Kunker vs Laptop Baru

Sesungguhnya Kunker untuk melakukan studi banding tidak harus selalu berupa kunjungan kerja ke luar daerah atau luar negeri sebagaimana dipraktikkan oleh anggota dewan selama ini. Metode studi banding dapat memanfaatkan teknologi informasi yang ada. Misalnya dengan melakukan kajian via internet ataupun metode lain seperti diskusi, video konferensi dengan pihak yang kompeten atau mengundang para ahli untuk berbicara di depan anggota Dewan. Biayanya dijamin lebih efisien dan hasilnya tidak kalah efektif bila dibandingkan dengan Kunker.

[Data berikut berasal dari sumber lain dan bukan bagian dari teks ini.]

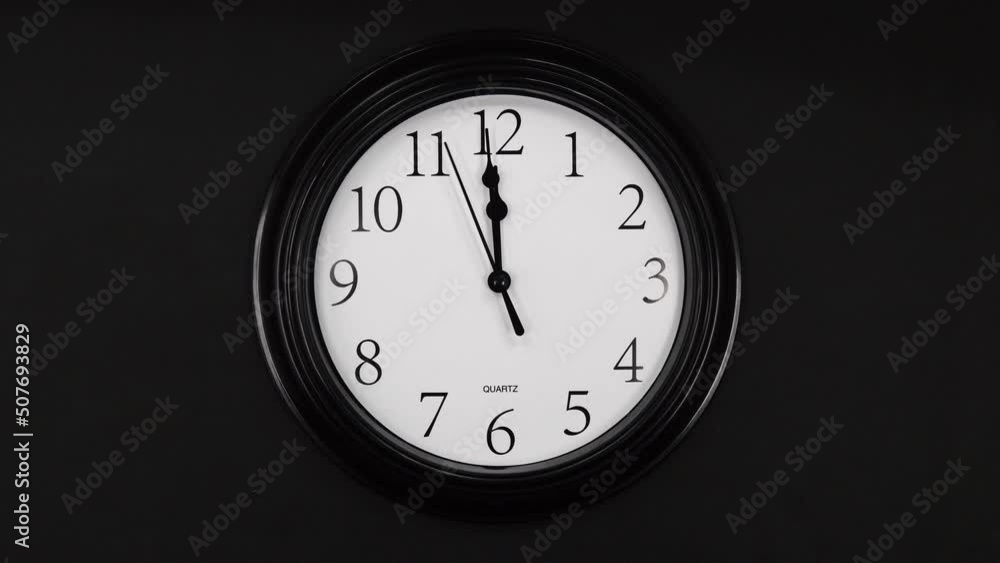 Classic Black And White Wall Clock With Black Background. Black Hands On The Clock. Wall Clock Face Of Time Of 12.00 Am Or Pm. 4k. ProRes.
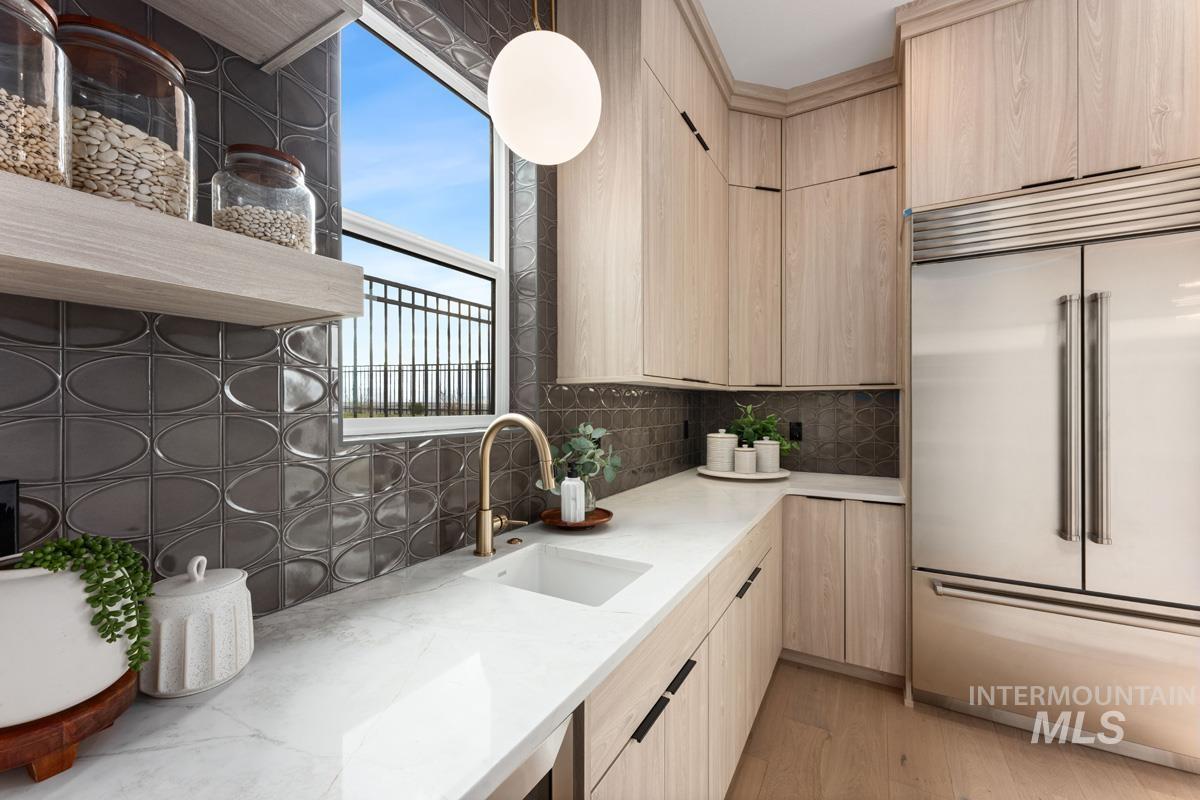 Kitchen with stainless steel built in refrigerator, light wood finish cabinets, light stone countertops, and tasteful backsplash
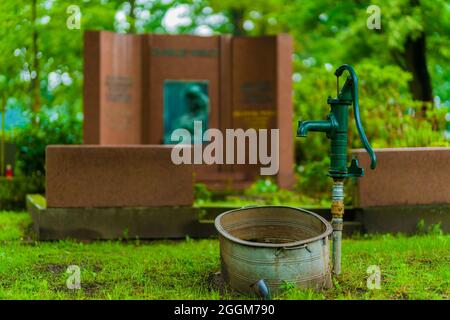 Handpumpe auf einem öffentlichen Friedhof vor einem großen Grab, selektive Schärfe, schönes Bokeh Stockfoto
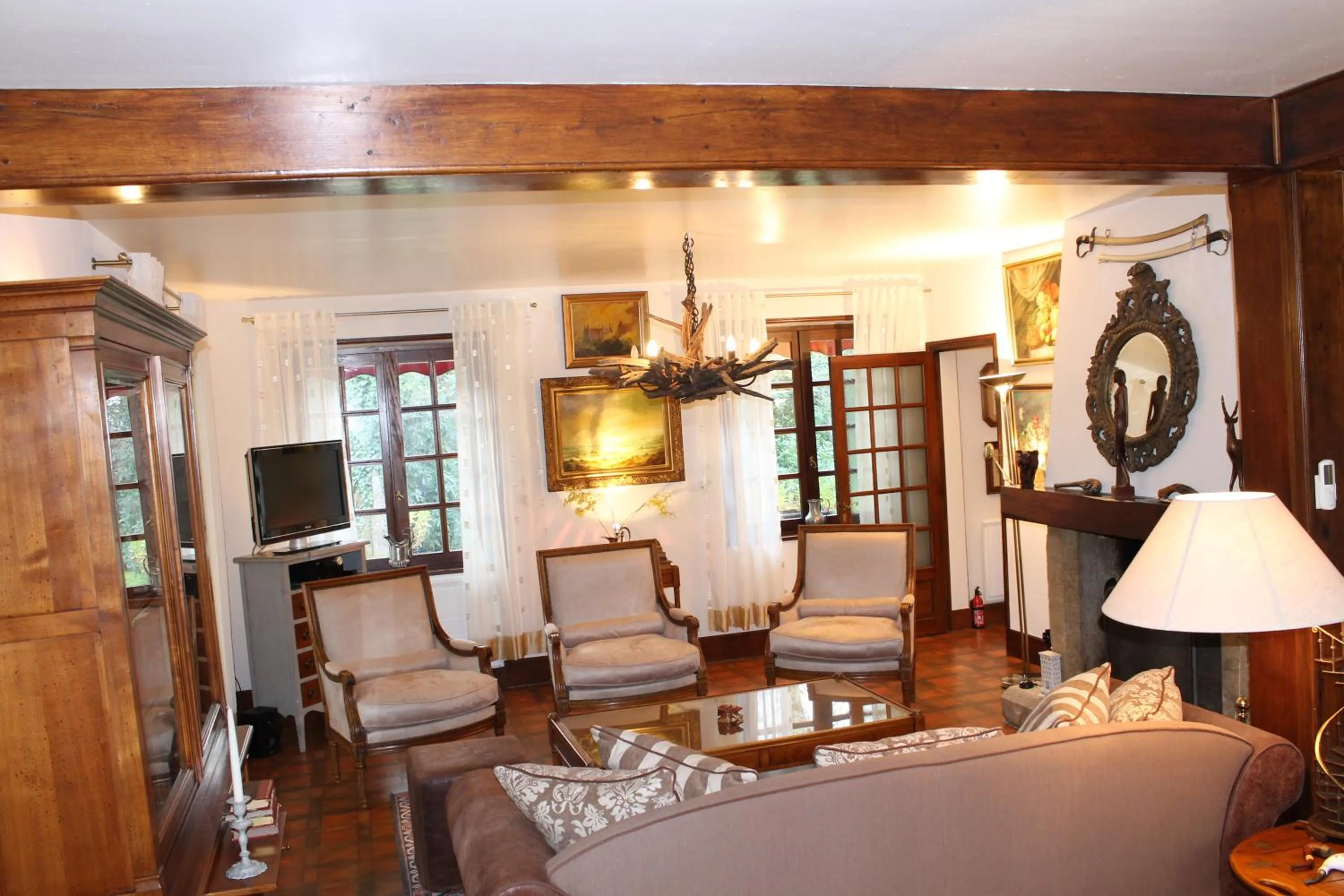 Communal lounge/ TV room in Chambres d'hôtes La Brillève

Kita berharap kepada para anggota DPRD Kota Solo pada anggaran tahun depan, sudah tidak lagi memprogramkan Kunker untuk semua anggotanya. Bukankah pada akhir Oktober semuanya sudah mendapat jatah laptop sendiri-sendiri?

Mari tunjukkan kepada masyarakat bahwa laptop Anda yang baru dengan harga Rp 11 juta tersebut memang canggih. Sangat berguna dan bermanfaat dalam menunjang tugas. Salah satu di antaranya dapat dimanfaatkan secara cepat dan optimal untuk mencari bahan-bahan studi banding sebanyak-banyaknya. Murah, meriah dan tidak perlu capek-capek. Tinggal duduk di kursi sambil klik! Kembali ke laptop! Bukankah begitu? Bagaimana pendapat Anda?


Oleh: Suharno, Pemerhati sosial politik, dosen Program Studi Akuntansi dan Magister Manajemen, Unisri, Surakarta.